“When we consume bread, it becomes us. It becomes our eyes and our hands,” Elizabeth DeRuff said, addressing the large circle of people around her. “Agriculture is where the self meets the landscape.” It was August in Sonoma County, California, and the day was already warm, but we—a group of twenty-five—were all wearing long sleeves and pants, to protect our arms and legs against the prickly husks of the wheat we would be harvesting that morning. We needed to start early to finish before the heat of the afternoon set in—record heat, the latest in a string of days to break a hundred degrees. Many of us wore plaid shirts and wide-brimmed straw hats, perhaps in homage to the farmers we were pretending to be for the day.

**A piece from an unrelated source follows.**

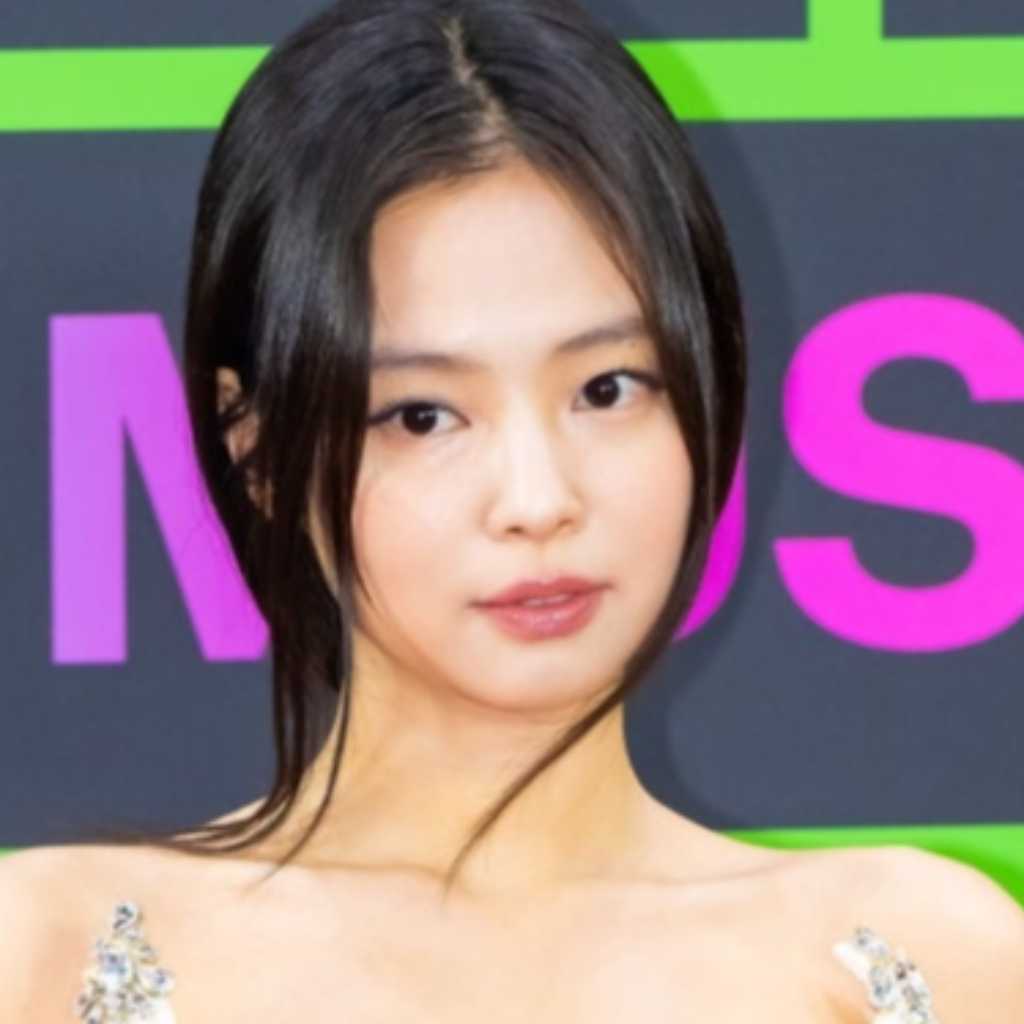 BLACKPINK ジェニーへのプライバシー侵害・誹謗中傷が深刻に…所属事務所が法的対応を予告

Elizabeth is the founder of Honoré Farm and Mill, a nonprofit organization that grows, mills, and sells heritage grains, and runs educational programs that involve volunteers—like us—in the agricultural process. For this harvest, we would use hand sickles with curved metal blades and carved wooden handles, which sat in a crate on the ground. It wasn’t functionally necessary that we gather and do this by hand—one of the participants had access to a combine harvester, a tractor-like machine that could do the job in a fraction of the time—but the point was experience, not efficiency, and we wanted to press on. “Think of it as an embodied meditation,” Elizabeth told us.

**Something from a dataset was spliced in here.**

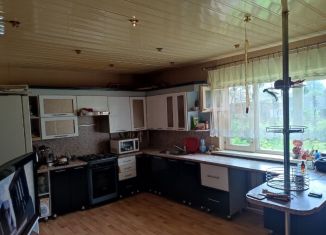 Продается дом, 90 м2, Рославль, 8-й Комсомольский переулок, 35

Elizabeth is an Episcopal minister, but she calls herself an “agricultural chaplain.” She is lean yet sturdy, in her fifties with short blonde hair and a no-nonsense sunniness that I would have associated with Christianity even if I hadn’t known she was a member of the clergy. Elizabeth traces the origin of Honoré to a church service almost twenty years ago, when she was presiding over the eucharist. A woman came up and whispered in her ear that, because of a gluten sensitivity, she could not eat bread—considered the most fundamental food in Christianity—or even take communion. Elizabeth experienced a shock of clarity: Because of industrial-farming practices, which apply toxic petroleum-based chemicals to commercially bred crops, she thought, the body of Christ was hurting the earth and making people sick. So Elizabeth began a new project, cultivating species of heirloom wheat that might otherwise have gone extinct, and named it after the patron saint of bread bakers. She describes the story of Honoré Farm and Mill as one of redemption—reparative of the environment, of our bodies, and of our sense of reverence for creation. In a short documentary about Honoré, produced last year, Elizabeth says, “If every Episcopal church were to source their communion bread from a sustainable farm, like Jesus would have eaten, we could sequester a hundred million pounds of carbon dioxide every year. So it’s something the church can actually do, practically, to address climate change.” That morning in Sonoma County, she put it in more personal terms. “Farming has completely changed my relationship to my spirituality,” she told me.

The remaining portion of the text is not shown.